So, drumroll, please! The new site is https://inkwellscholars.org.
I dedicated a lot of time to writing and designing the homepage and about page. I believe these are the two most important parts of a writer’s website.
In order to create these pages, I followed the exact same worksheets I include in my website copywriting course.
I’ll continue tweaking them as I develop and market my site and get closer to publishing my novel and have an official cover. Then I’ll probably write a blurb about the book on the website.
2. Creating an Opt-In Gift
Once people land on the website, I want them to sign up to the email list. As I wrote in my previous post,
All of the published authors I’ve spoken to have said that the most effective free way to market books is through an email list. In fact, one told me that his biggest regret was not starting an email list sooner.
I’ve definitely found this to be true with nicolebianchi.com. The email list is the most effective way for me to reach out to readers and tell them I’ve published a blog post or uploaded a YouTube video or created a new writing resource.
I have experience building an email list for nicolebianchi.com. In my email course, I detail all of the strategies I’ve followed. I plan to follow the same steps for growing this new email list. I’ll be updating that course with any new strategies I discover along the way.
One of the strategies I’ve found most effective is creating an opt-in gift. This is something that email subscribers will receive for free when they sign up for your list. For example, it could be a short story or a worksheet or a PDF guide. Essentially, the opt-in gift is something that incentivizes a person to sign up for your email list.
In my email course, I explain more about opt-in gifts and how to choose the right one for your email list.
For Inkwell Scholars, I created an opt-in gift called 31 Best Writing Prompts. These are prompts that I’ve used with young students to get them excited about writing.
You can take a peek at the Inkwell Scholars site to see my email subscribe forms and how I promote the opt-in gift.
(Please note that there are some concerns with promoting opt-in gifts if you are based in the EU or have subscribers from the EU. Learn more about the EU privacy laws in my article here. My website is targeting English speakers, primarily American English speakers. But I wanted to make sure it was clear on the subscribe forms that people are signing up for the email list and the eBook is just a little bonus gift.)
While I haven’t promoted this email newsletter yet, I do get a trickle of Google traffic from several posts published on the website years ago when I had a writing tutoring business. Since redesigning the site and setting up those email subscribe forms, I’ve gotten 10 subscribers already. I can’t wait to see what happens when I start marketing the site.
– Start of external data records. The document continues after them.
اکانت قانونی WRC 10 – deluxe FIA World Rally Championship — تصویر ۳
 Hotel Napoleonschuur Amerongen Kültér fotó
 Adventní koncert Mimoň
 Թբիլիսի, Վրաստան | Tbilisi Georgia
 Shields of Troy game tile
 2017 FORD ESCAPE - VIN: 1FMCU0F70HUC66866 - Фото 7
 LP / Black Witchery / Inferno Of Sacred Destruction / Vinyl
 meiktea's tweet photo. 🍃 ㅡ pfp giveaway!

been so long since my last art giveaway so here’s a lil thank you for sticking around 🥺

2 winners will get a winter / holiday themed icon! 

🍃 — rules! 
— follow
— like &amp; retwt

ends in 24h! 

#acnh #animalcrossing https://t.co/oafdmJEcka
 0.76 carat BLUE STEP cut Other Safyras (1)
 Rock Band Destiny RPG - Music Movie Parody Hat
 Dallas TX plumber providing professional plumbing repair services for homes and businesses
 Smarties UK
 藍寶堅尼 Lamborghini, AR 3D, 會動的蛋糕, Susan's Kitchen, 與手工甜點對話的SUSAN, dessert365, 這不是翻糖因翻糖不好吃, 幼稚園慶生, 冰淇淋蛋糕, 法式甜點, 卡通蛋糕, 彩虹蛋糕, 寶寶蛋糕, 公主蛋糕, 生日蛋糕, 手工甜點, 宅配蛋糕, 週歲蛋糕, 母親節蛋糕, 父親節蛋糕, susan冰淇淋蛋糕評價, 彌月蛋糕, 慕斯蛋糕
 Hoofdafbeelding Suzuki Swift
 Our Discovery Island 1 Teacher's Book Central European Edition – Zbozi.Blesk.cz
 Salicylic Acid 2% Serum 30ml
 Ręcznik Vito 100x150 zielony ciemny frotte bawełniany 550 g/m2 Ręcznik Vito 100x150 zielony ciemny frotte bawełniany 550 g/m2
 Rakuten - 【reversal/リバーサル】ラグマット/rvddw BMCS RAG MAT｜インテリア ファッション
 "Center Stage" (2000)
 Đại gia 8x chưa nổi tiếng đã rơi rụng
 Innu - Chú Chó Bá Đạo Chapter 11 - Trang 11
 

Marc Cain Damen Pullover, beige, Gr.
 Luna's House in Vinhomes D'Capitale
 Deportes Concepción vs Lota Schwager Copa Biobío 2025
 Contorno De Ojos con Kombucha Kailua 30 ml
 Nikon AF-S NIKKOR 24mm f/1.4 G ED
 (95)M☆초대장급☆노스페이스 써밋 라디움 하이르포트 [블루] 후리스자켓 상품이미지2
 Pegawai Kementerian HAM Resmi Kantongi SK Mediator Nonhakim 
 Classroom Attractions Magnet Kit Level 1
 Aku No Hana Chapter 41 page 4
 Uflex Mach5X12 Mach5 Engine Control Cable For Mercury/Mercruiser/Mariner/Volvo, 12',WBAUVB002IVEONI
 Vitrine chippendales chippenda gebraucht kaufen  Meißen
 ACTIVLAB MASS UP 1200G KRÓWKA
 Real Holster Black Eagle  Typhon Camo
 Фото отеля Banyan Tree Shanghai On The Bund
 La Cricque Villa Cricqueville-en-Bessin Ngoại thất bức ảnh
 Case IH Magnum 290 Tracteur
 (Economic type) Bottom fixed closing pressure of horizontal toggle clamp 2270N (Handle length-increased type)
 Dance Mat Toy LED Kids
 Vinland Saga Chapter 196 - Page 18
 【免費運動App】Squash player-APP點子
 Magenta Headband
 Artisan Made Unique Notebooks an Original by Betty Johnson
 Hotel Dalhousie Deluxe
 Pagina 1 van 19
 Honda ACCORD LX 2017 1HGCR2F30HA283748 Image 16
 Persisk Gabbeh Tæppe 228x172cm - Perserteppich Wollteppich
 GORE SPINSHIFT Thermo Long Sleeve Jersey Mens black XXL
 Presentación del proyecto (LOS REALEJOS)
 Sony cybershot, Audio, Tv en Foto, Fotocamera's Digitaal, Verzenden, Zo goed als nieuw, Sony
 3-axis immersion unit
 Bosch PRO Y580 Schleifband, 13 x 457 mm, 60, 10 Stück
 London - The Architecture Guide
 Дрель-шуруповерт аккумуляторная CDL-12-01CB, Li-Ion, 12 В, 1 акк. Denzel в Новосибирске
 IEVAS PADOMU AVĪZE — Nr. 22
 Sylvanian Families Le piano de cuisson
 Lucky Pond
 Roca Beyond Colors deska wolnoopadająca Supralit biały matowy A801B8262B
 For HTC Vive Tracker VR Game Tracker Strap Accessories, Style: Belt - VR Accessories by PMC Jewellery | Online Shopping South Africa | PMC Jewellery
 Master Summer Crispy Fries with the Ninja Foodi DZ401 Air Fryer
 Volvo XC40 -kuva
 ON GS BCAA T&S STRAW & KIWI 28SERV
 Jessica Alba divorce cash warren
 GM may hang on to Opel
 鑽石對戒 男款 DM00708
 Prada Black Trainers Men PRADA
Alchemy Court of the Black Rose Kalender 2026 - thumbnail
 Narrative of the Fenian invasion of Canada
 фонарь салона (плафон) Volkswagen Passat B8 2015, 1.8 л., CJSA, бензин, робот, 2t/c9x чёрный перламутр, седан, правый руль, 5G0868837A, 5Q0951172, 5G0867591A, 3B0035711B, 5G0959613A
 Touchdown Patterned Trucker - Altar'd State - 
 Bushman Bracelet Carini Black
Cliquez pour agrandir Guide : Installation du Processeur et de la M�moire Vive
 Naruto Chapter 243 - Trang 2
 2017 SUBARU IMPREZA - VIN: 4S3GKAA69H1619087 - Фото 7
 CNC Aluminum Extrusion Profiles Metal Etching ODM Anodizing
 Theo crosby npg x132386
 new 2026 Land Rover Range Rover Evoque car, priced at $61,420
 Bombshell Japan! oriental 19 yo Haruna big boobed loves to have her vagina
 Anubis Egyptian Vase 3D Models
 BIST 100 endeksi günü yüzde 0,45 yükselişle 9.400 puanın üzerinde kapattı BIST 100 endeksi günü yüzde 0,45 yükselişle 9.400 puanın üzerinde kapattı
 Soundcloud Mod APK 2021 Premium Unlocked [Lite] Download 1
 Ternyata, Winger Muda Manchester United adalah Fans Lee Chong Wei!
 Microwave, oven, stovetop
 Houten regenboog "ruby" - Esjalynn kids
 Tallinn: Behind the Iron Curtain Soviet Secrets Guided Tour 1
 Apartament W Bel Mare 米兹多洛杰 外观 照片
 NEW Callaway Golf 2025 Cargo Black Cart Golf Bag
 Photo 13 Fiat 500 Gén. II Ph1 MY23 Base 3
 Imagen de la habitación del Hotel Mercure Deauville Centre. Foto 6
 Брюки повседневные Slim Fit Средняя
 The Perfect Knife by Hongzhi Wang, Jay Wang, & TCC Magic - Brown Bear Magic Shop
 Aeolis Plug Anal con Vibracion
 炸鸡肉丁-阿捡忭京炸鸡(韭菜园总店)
3. Creating a Reserve of Blog Posts
Since blog posts have worked to grow the email list for nicolebianchi.com, I want to try out this strategy for Inkwell Scholars as well. It’s a wonderful way to create a community.
I’ll publish these posts on the Inkwell Scholars website for Google traffic. And I’ll also publish them on Substack so subscribers will be receiving frequent resources and updates from me.
Specifically, I am interested in seeing how effective Substack is for building an audience. I would like to test out publishing to Substack about every other week.
However, if you’ve been an email subscriber of nicolebianchi.com for a while, you probably know that I am very bad at publishing on a consistent basis, haha. I don’t want Inkwell Scholars to consume so much of my time that I end up not publishing here at all. I’m also working with clients at the marketing agency I started with my two brothers. So my time is very limited.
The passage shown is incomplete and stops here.